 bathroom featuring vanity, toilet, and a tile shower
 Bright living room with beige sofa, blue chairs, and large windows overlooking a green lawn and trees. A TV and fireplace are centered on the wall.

--

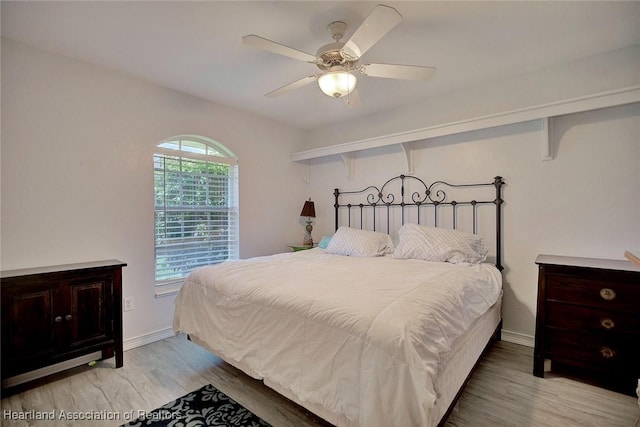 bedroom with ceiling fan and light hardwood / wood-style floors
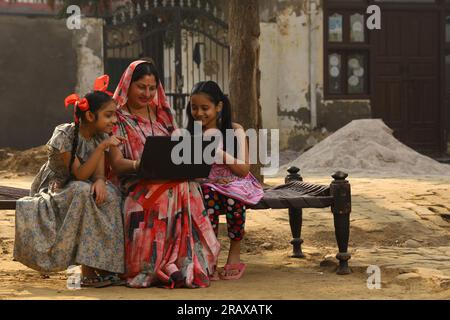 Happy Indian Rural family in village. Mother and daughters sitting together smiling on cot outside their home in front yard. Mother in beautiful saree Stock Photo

* * *

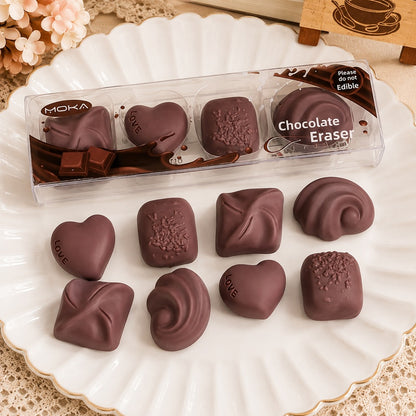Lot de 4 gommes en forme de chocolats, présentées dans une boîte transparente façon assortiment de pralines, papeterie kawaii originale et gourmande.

Work instructions ->
The range runs from the line above containing "bathroom featuring vanity, toilet, and" to the line containing "Bright living room", inclusive. Restate those lines word for word and no others.

Response to this task ->
 bathroom featuring vanity, toilet, and a tile shower
 Bright living room with beige sofa, blue chairs, and large windows overlooking a green lawn and trees. A TV and fireplace are centered on the wall.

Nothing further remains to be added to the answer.